Edoardo Holzl · Edoardo Holzl · commit d94577f8f176 · 2020-09-22T11:16:58.000+02:00
diff --git a/_posts/2020-09-08-communication-backend-comparison.md b/_posts/2020-09-08-communication-backend-comparison.md
@@ -7,12 +7,13 @@ tags: [performance, results]
 excerpt_separator: <!--more-->
 ---
 
-Distributed learning requires workers to collaborate by sharing learned information with their "colleagues". As MLBench
-supports both one and multiple processes per node, in addition to multi-node training, communication between workers is crucial
-and will heavily affect performance, notably for compute bound training algorithms.
+Distributed learning requires workers to collaborate by swiftly sharing learned information with their "colleagues".

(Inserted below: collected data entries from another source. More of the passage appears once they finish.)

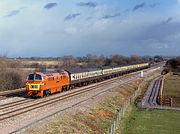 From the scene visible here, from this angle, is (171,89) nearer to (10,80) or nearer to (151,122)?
(10,80)

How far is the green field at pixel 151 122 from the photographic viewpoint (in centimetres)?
3102

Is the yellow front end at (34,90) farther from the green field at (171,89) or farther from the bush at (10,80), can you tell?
the green field at (171,89)

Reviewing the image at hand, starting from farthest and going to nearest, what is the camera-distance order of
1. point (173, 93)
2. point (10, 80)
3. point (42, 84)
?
1. point (173, 93)
2. point (10, 80)
3. point (42, 84)

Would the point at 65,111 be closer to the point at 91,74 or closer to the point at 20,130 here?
the point at 20,130

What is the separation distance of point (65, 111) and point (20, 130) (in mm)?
8957

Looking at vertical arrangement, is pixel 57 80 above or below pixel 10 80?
above

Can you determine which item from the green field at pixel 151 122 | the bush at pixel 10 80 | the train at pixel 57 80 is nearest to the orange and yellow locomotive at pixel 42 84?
the train at pixel 57 80

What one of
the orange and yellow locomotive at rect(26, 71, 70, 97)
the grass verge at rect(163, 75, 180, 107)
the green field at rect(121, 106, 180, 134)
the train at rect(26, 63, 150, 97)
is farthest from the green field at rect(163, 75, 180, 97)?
the orange and yellow locomotive at rect(26, 71, 70, 97)

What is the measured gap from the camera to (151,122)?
35719 mm

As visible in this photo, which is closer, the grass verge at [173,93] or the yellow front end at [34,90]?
the yellow front end at [34,90]

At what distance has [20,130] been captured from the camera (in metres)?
21.3

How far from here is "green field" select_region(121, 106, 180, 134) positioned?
102ft

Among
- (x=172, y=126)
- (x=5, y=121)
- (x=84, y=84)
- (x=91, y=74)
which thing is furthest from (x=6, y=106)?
(x=91, y=74)

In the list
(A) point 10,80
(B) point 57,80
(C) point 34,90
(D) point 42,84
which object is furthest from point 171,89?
(C) point 34,90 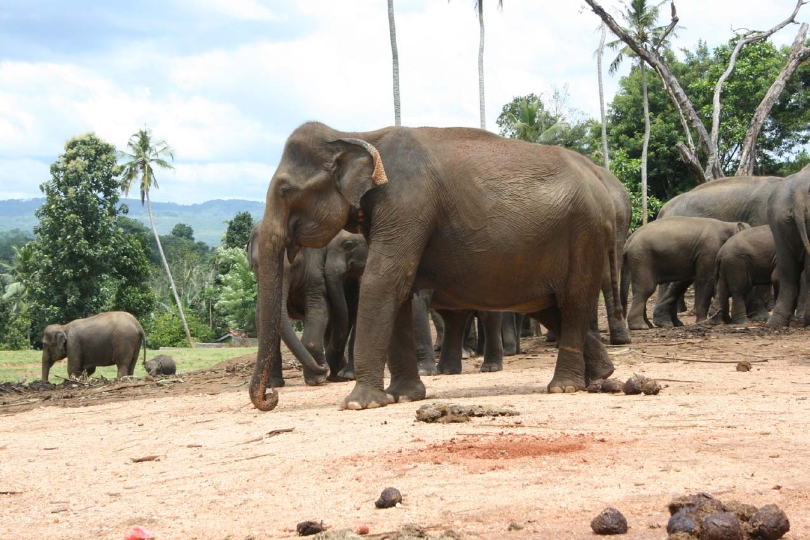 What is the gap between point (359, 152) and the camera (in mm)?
8070

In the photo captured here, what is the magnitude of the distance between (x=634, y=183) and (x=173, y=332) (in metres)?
27.4

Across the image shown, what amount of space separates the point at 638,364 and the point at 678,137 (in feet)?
106

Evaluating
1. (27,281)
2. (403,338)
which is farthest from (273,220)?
(27,281)

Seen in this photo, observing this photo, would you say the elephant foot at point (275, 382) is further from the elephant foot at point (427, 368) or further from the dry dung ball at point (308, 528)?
the dry dung ball at point (308, 528)

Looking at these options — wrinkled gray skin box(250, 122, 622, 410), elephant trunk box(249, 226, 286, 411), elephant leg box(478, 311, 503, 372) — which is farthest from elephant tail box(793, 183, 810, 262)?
elephant trunk box(249, 226, 286, 411)

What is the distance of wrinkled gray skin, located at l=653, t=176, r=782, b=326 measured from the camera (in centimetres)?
2012

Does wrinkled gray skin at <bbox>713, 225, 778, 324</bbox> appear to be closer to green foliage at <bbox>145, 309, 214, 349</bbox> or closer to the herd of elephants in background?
the herd of elephants in background

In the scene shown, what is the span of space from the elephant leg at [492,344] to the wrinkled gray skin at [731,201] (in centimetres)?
850

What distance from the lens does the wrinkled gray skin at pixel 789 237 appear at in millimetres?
15195

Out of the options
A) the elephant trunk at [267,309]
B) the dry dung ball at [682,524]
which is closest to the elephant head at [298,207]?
the elephant trunk at [267,309]

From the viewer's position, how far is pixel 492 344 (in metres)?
11.7

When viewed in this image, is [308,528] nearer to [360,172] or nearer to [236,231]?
[360,172]

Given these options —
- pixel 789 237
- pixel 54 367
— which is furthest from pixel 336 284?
pixel 54 367

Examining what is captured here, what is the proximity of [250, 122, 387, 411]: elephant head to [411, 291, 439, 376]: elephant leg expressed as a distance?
11.8ft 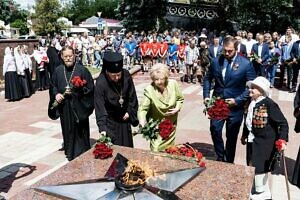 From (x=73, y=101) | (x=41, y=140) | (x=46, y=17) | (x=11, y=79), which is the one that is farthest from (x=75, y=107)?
(x=46, y=17)

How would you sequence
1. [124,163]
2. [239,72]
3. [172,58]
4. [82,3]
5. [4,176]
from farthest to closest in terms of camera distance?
[82,3] < [172,58] < [4,176] < [239,72] < [124,163]

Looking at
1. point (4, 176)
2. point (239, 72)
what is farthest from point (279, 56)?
point (4, 176)

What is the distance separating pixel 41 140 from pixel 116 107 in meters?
3.74

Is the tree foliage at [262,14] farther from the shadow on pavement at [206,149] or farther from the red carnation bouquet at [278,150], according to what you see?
the red carnation bouquet at [278,150]

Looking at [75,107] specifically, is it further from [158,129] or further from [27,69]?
[27,69]

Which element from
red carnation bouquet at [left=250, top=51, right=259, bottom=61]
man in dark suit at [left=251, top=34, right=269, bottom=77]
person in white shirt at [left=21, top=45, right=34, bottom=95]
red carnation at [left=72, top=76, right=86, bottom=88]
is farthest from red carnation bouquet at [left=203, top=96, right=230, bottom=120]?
person in white shirt at [left=21, top=45, right=34, bottom=95]

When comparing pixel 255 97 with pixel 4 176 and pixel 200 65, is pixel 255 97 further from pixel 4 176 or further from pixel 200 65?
pixel 200 65

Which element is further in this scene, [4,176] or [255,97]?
[4,176]

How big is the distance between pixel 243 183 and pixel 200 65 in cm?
1181

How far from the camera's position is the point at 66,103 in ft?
21.5

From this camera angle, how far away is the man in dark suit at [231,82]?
5465mm

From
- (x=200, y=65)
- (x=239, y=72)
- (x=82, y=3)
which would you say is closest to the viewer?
(x=239, y=72)

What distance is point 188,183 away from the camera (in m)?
3.47

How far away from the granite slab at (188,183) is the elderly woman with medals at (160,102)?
2.49 ft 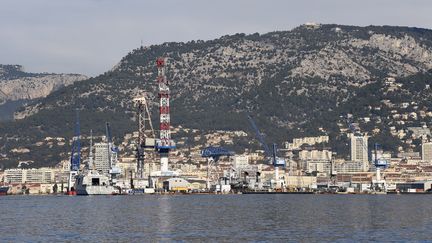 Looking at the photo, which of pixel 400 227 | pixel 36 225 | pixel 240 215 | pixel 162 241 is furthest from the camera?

+With the accelerating growth of model sizes in modern deep learning, this aspect gains even more importance.
 
-This Blog post addresses and analyzes the raw performance of different communication backends, used to transmit tensors and other
-information between the workers.
+MLBench supports both one and multiple processes per node, in addition to multi-node training. Communication between workers is crucial
+and will heavily affect performance, notably for communication bound training algorithms.
+
+This blog post addresses and analyzes the raw performance of different communication backends on commodity communication hardware, used to transmit large arrays or tensors.
 
 <!--more-->
 
@@ -66,8 +67,8 @@ There are 4 tensor type: `Float16` & `Float32` CPU or GPU tensors.
 
 ### CPU vs GPU tensors?
 
-Only MPI and GLOO support communication of CPU tensors, while NCCL requires the use of GPU acceleration. This is a great advantage, as CPU training is less costly
-and can be sped-up using distributed training.
+MPI and GLOO support both CPU and GPU tensor communication, while NCCL only supports communication of GPU tensors. This is a great advantage, as CPU training is less costly
+and can be sped up using distributed training.
 
 #### CPU
 In the graph below, we compare the speeds taken to perform an `all reduce` operation between 2, 4 and 8 workers, of `Float16` and `Float32` CPU tensors.